Tree-Based Coarsening and Partitioning of Complex Networks

Many applications produce massive complex networks whose analysis would benefit from parallel processing. Parallel algorithms, in turn, often require a suitable network partition. For solving optimization tasks such as graph partitioning on large networks, multilevel methods are preferred in practice. Yet, complex networks pose challenges to established multilevel algorithms, in particular to their coarsening phase. One way to specify a (recursive) coarsening of a graph is to rate its edges and then contract the edges as prioritized by the rating. In this paper we (i) define weights for the edges of a network that express the edges' importance for connectivity, (ii) compute a minimum weight spanning tree T-m w.r.t. these weights, and (iii) rate the network edges based on the conductance values of T-m's fundamental cuts.
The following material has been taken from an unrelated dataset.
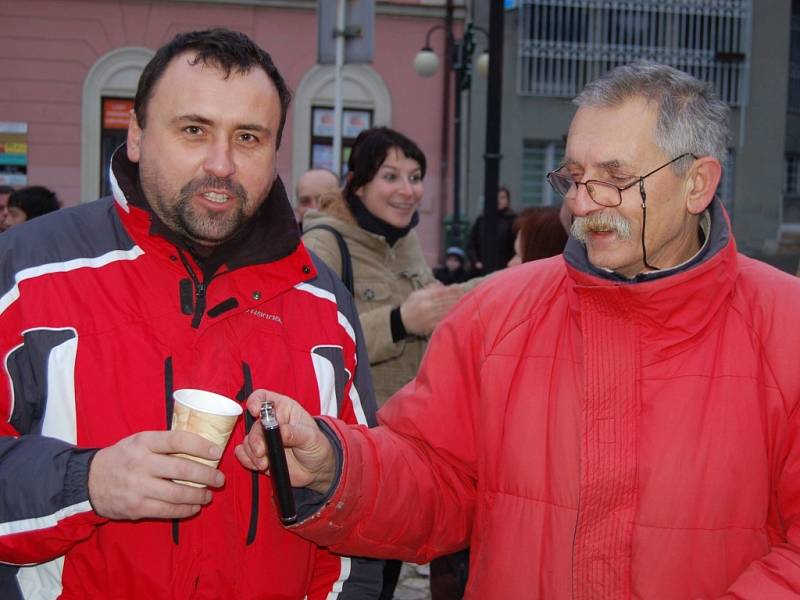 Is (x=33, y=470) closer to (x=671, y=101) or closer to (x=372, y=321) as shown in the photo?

To this end, we also (iv) develop the first optimal linear-time algorithm to compute the conductance values of all fundamental cuts of a given spanning tree. We integrate the new edge rating into a leading multilevel graph partitioner and equip the latter with a new greedy postprocessing for optimizing the maximum communication volume (MCV). Bipartitioning experiments on established benchmark graphs show that both the postprocessing and the new edge rating improve upon the state of the art by more than 10%. In total, with a modest increase in running time, our new approach reduces the MCV of complex network partitions by 20.4%.